Healing data races on-the-fly

  • Authors:
  • Bohuslav Krena;Zdenek Letko;Rachel Tzoref;Shmuel Ur;Tomáš Vojnar

  • Affiliations:
  • Brno University of Technology, Czech Republic;Brno University of Technology, Czech Republic;Haifa University Campus, Haifa, Israel;Haifa University Campus, Haifa, Israel;Brno University of Technology, Czech Republic

  • Venue:
  • Proceedings of the 2007 ACM workshop on Parallel and distributed systems: testing and debugging
  • Year:
  • 2007

Quantified Score

Hi-index 0.00

Visualization

Abstract

Testing of concurrent software is extremely difficult. Despite all the progress in the testing and verification technology, concurrent bugs, the most common of which are deadlocks and races, make it to the field. This paper describes a set of techniques, implemented in a tool called ConTest, allowing concurrent programs to self-heal at run-time. Concurrent bugs have the very desirable property for healing that some of the interleaving produce correct results while in others bugs manifest. Healing concurrency problems is about limiting, or changing the probability of interleaving, such that bugs will be seen less. When healing concurrent programs, if a deadlock does not result from limiting the interleaving, we are sure that the result of the healed program could have been in the original program and therefore no new functional bug has been introduced.

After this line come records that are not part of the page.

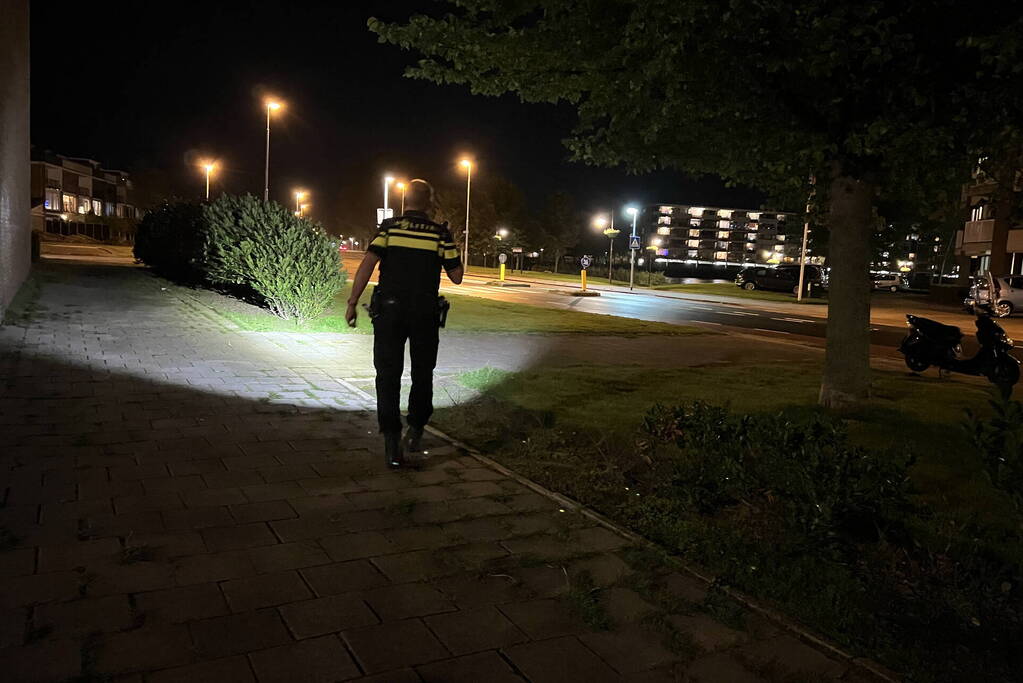 Onderzoek naar schot op flat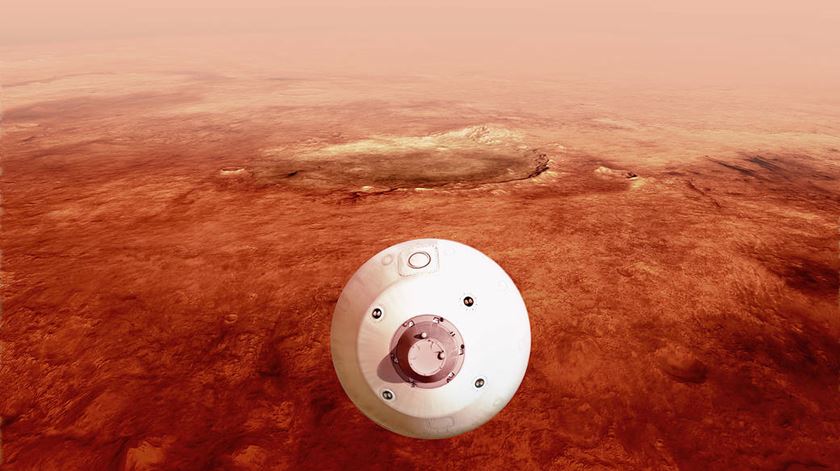 Homens em Marte em 2029? Musk prevê descolagem da Starship com robô humanoide daqui a um ano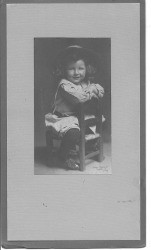 William Kingwell Smith age 3 years, 1909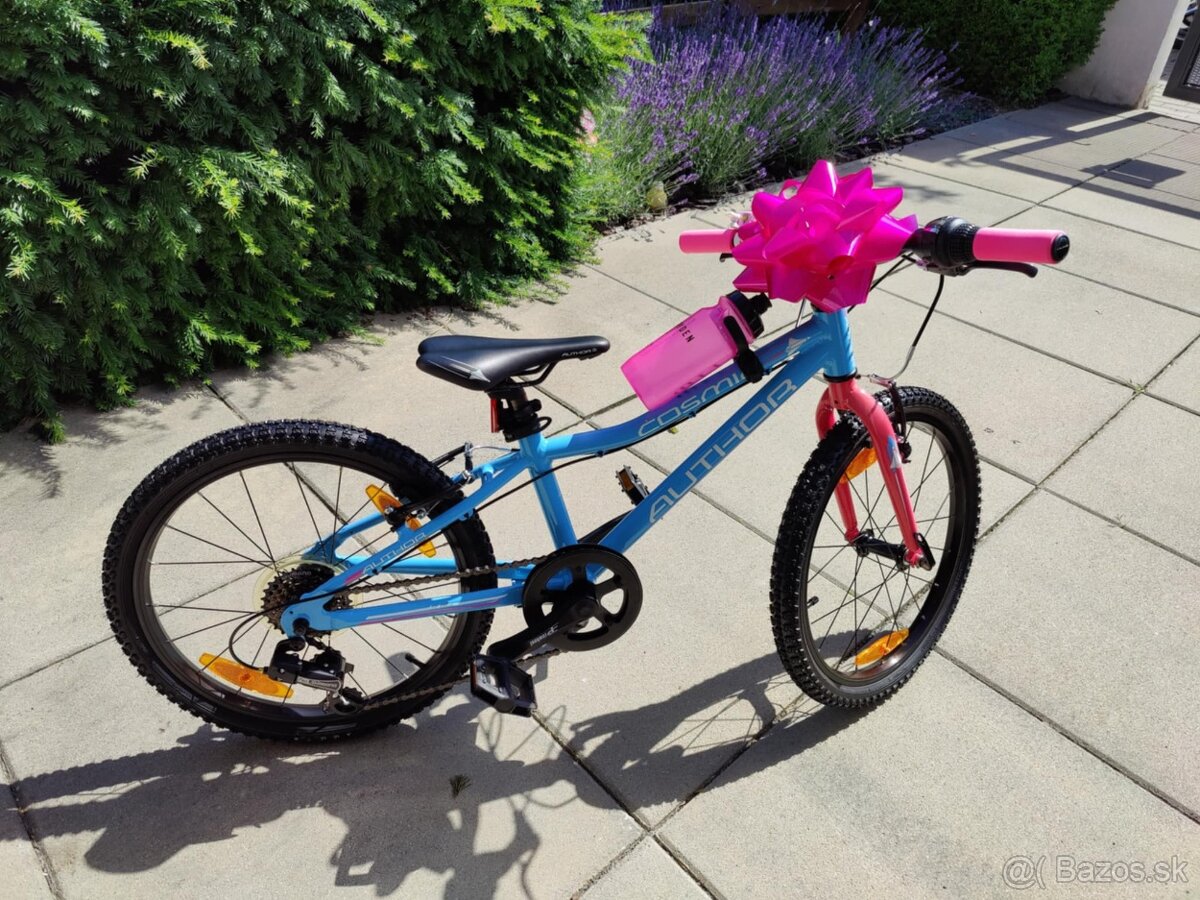 Detský horský bicykel Author Cosmic - pre dievčatko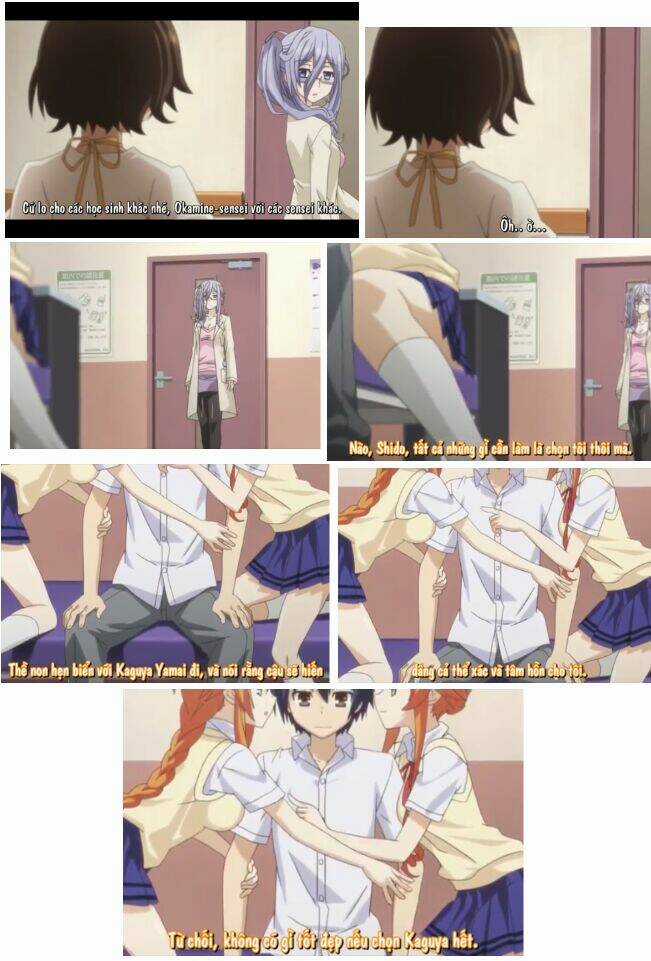 Date A Live 2 Chapter 2 trang 36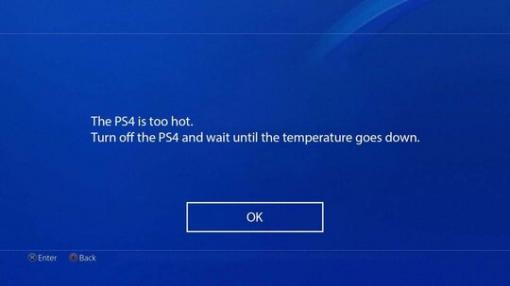 We fix PS4 that overheat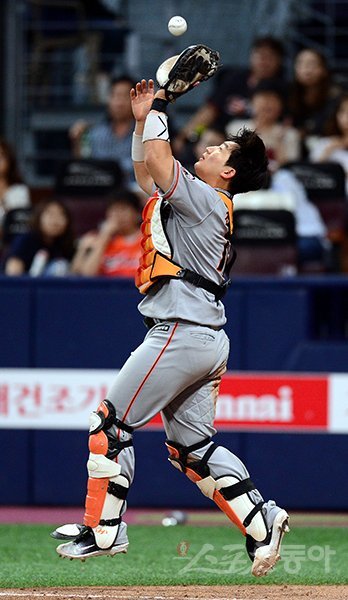 한화 최재훈. 스포츠동아DB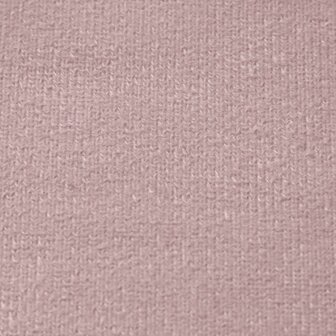 Kinderbank zacht pluche roze 7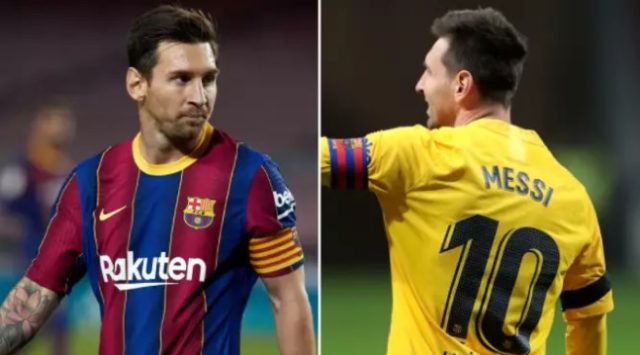 Lionel Messi izostavljen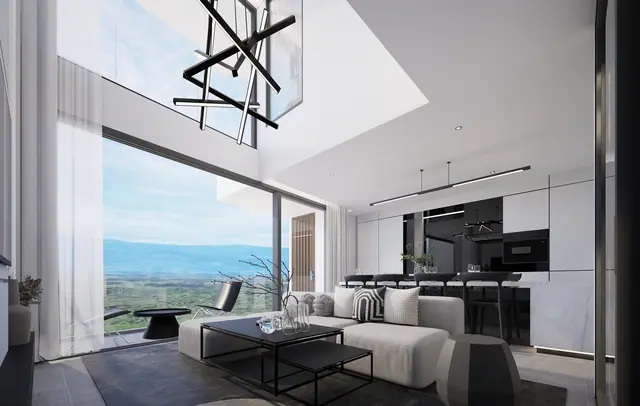 Citygate De Phuket — Двусветная гостиная, 125 м², Камала и Сурин, Пхукет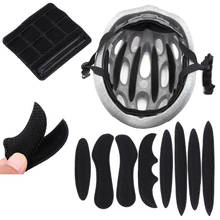 LOCLE 1 Set Bike Helmet Pad Sponge Cycling Helmet Padding Bicycle Accessories Inner Pads Protection Helmet Padding 2024 - buy cheap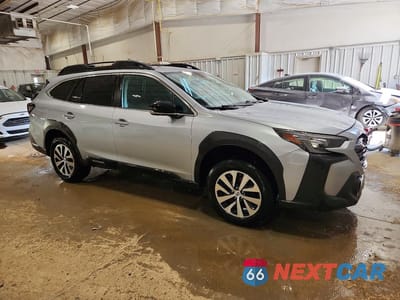 Czwarte zdjęcie samochodu z boku: 2023 SUBARU OUTBACK PREMIUM VIN:4S4BTADC9P3183834 - miniatura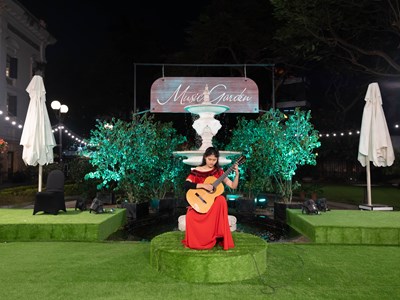 “Vườn âm nhạc” mở ra một không gian nghệ thuật đặc biệt tại Nhà hát Lớn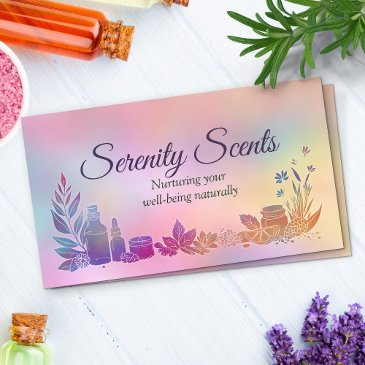 aromatherapy practice scent therapy business invitations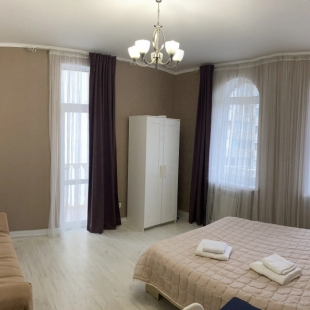 Фотография квартиры Апартаменты Классические с балконом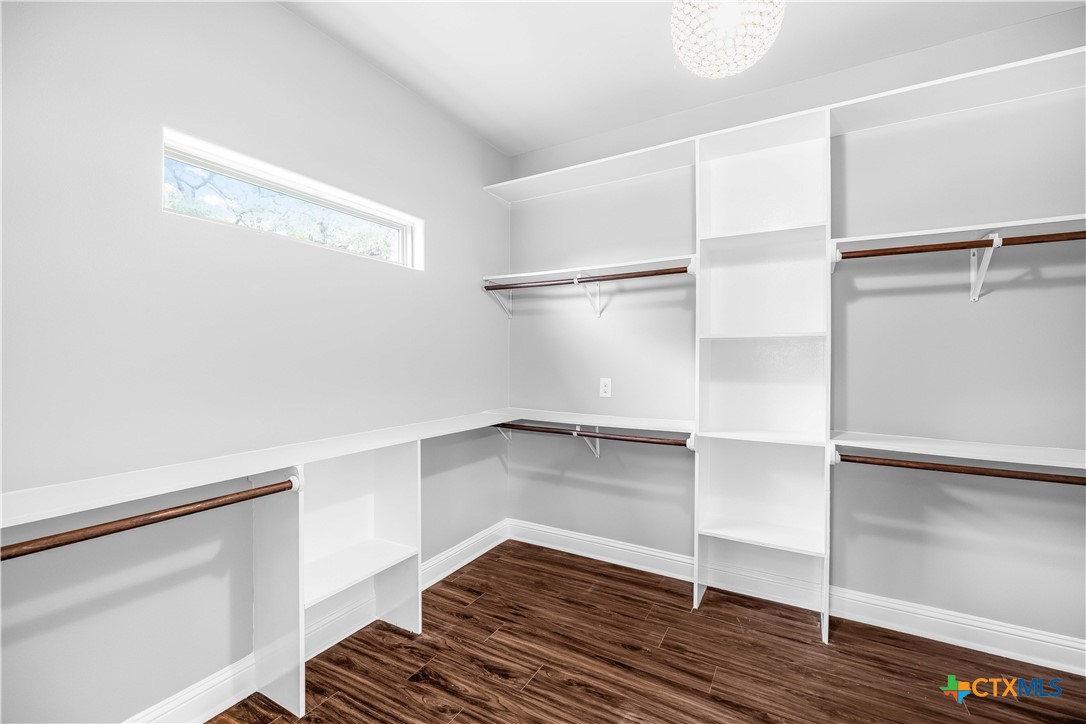 204 James Street Inez, TX 77968 - Photo 16 of 35 a view of an empty walk in closet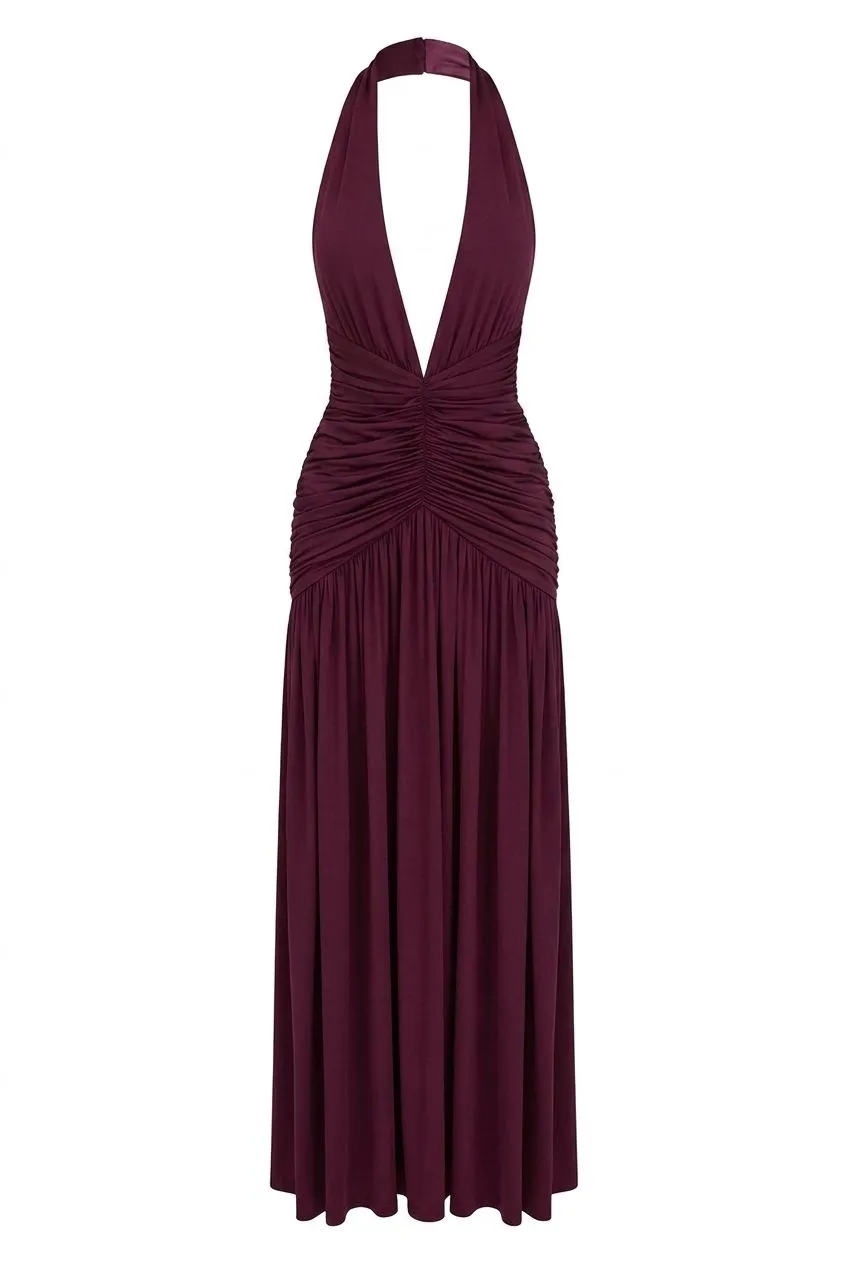 Vestido largo Melania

In this initial work which deals with different types of data races, we suggest three types of healing mechanisms: (1) changing the probability of interleaving by introducing sleep or yield statements or by changing thread priorities, (2) removing interleaving using synchronisation commands like locking and unlocking certain mutexes or waits and notifies, and (3) removing the result of "bad interleaving" by replacing the value of variables by the one that "should" have been taken. We also classify races according to the relevant healing strategies to apply.